Two Kansas lawmakers are asking for more clarity on the legal status of and facilities for unaccompanied children being housed in Kansas after attempting to cross the U.S.-Mexico border illegally.

Kansas Senate Minority Leader Anthony Hensley and Rep. John Alcala, both Democrats from Topeka, held a press conference this morning asking The Villages, the agency with which the government has contracted to hold the children, for more information about who is being held at the facility and their legal status.

The Villages provides services for “children in need,” and has contracts with the Kansas Department of Health and Environment and the Kansas Department of Corrections Juvenile Services.

Alcala said he tried to arrange a tour of the facility in Topeka this week, but the organization has not yet allowed him to come in.

“I toured the facility about a decade ago. It was a fine facility then, and we just asked that we would be able to come in and tour the facility, see the living conditions, what they look like today, and maybe visit with some of the administration and ask them a few questions,” Alcala said.

“They told us that the only way we could come in, we would have to fill out a form, it would take two weeks to get approved, and even then there was no guarantee that we could come into the facility.”

Alcala said that while he was trying to get access, the organization posted several “no trespassing” signs around the facility. He said it used to be an open facility, but that policy has changed since the organization secured its contract with the federal government.

Alcala said he has a list of questions he would like answered.

“It’s real simple. What are the conditions of the facility? Who’s accountable? What’s the plan to reunite these children with their parents? What’s the plan to get the unaccompanieds out of detention and with family? And who’s making the money off this? Simple questions that should be answered, that should be transparent to the public.”

“This is inhumane. You read between the lines, politics is being played with these children’s lives,” Alcala said.

It was unclear why Alcala called it inhumane, when he had just said it was a “fine facility,” or why it was suddenly urgent that he be allowed inside. It was also unclear what he was reading between the lines, or how politics was being played, or what the purpose of the press conference was.

The number of migrant children being held in Kansas is unclear, but The Villages’ government contract allows it to hold 50. The Villages is the only facility in Kansas where migrant children are being housed.

Hensley said he submitted the form to visit the facility — required by federal regulations — yesterday, so the earliest he’d be able to tour the facility is July 5. He said The Villages is a youth residential center licensed by the state of Kansas and the facility has performed well in the past, so he believes the migrant children being held there now are being treated well.

Colyer issued a statement saying “While this is a federal program that the state does not manage or have control over, the Kansas Department of Children and Families will be conducting an inspection to ensure The Villages remains in line with state standards and procedures.
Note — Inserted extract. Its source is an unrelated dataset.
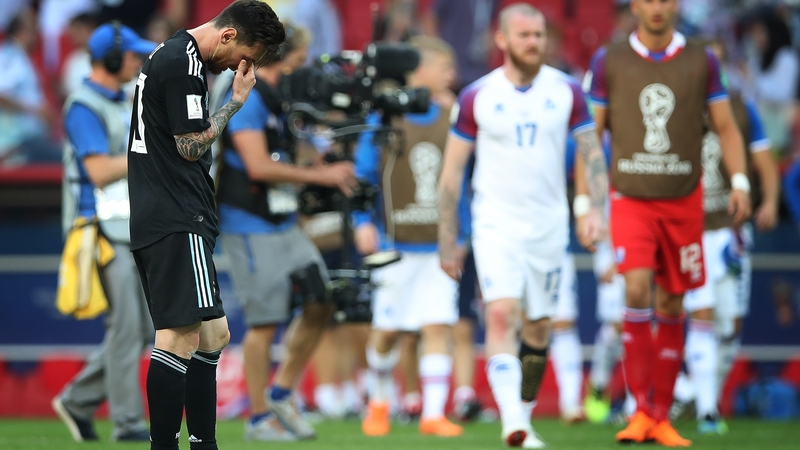 Lionel Messi is a frustrated figure at full time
Our hope is that these children are returned to their families as soon as possible.”

Late Friday, a Kansas Department for Children and Families (DCF) licensing staff member visited The Villages to ensure the safety and well-being of the children placed at the facility and issued this statement: “From our visit, the children seem to be adjusting well, and are having their needs met. While DCF licenses The Villages facilities, our agency has no direct oversight of the federal government’s contract with The Villages, which started in February 2017. Additionally, this afternoon, Secretary Gina Meier-Hummel reached out to the executive director of The Villages to discuss the well-being of the children and the program in general and was satisfied that they are being provided excellent service in their time of need.”

Kendall Marr, spokesman for Gov. Colyer, said the state government in Kansas had no role in implementing the federal immigration policy regarding these migrant children. The Kansas Department for Children and Families did contact The Villages to offer placement of children in the facility, he said.